Work task
From the first line of the listing to the last, set down everything exactly, but skip the images.

Dataset section
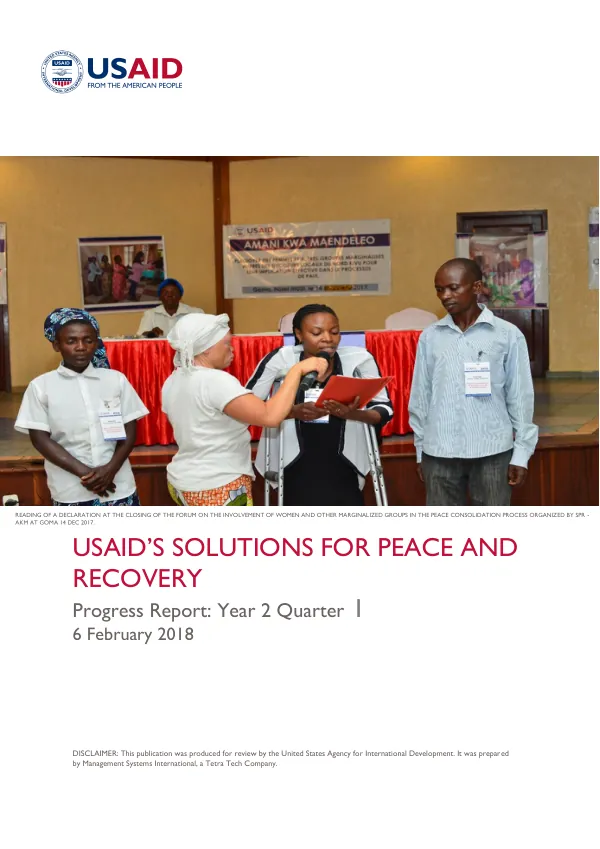 USAID SPR – AMANI KWA MAENDELEO QUARTERLY PROGRESS REPORT (Y2 Q1)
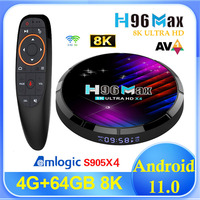 H96 MAX X4 Smart TV Box Android 11 Amlogic S905X4 4G 64GB 32GB 2.4&5G Wifi 3D 4K 8K BT AV1 Media Player TVBOX Set Top Box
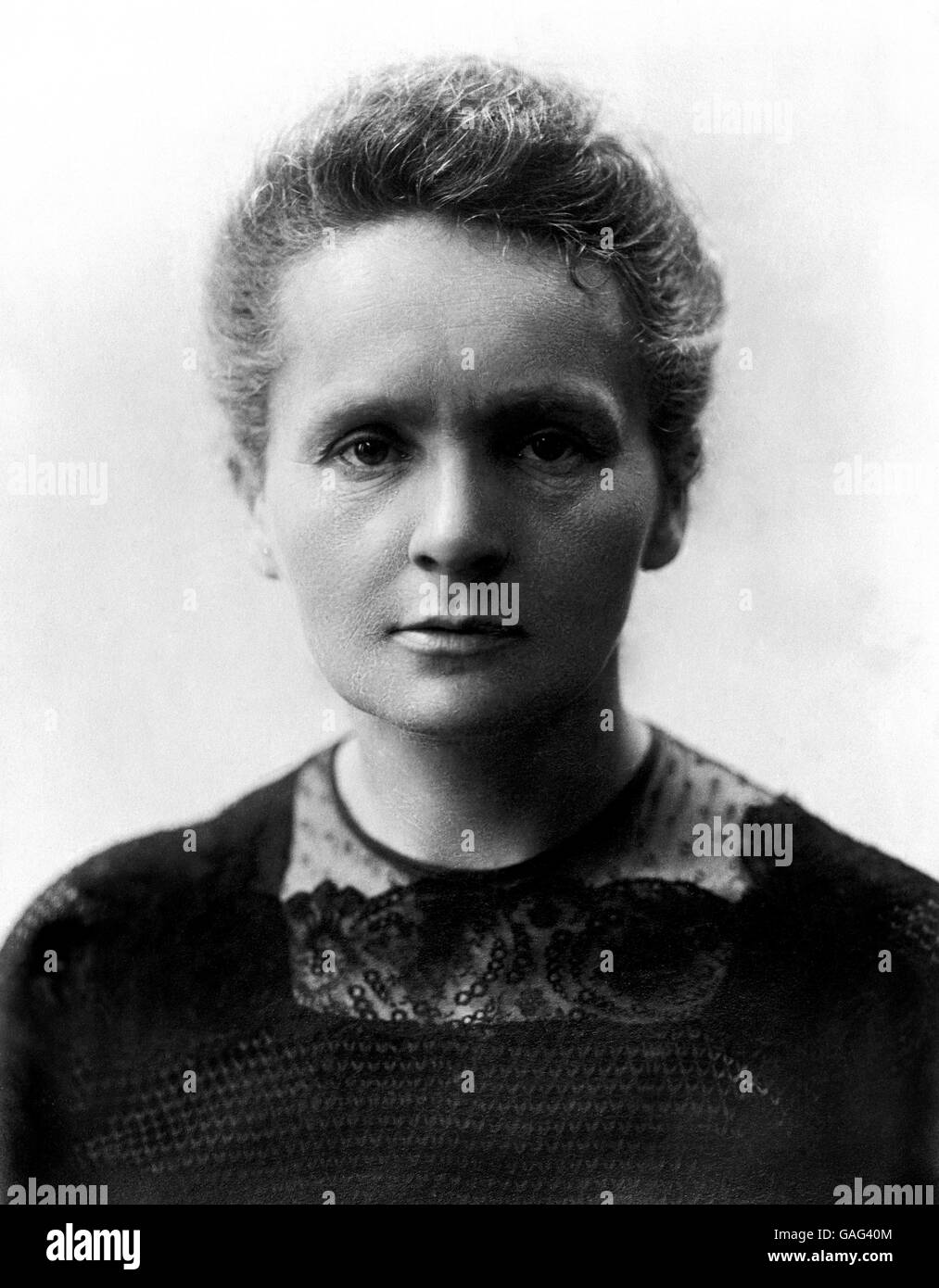 Marie Curie, a physicist and chemist of Polish upbringing and, subsequently, French citizenship. She was a pioneer in the field of radioactivity and the first twice-honored Nobel laureate. Stock Photo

Task result
 USAID SPR – AMANI KWA MAENDELEO QUARTERLY PROGRESS REPORT (Y2 Q1)
 H96 MAX X4 Smart TV Box Android 11 Amlogic S905X4 4G 64GB 32GB 2.4&5G Wifi 3D 4K 8K BT AV1 Media Player TVBOX Set Top Box
 Marie Curie, a physicist and chemist of Polish upbringing and, subsequently, French citizenship. She was a pioneer in the field of radioactivity and the first twice-honored Nobel laureate. Stock Photo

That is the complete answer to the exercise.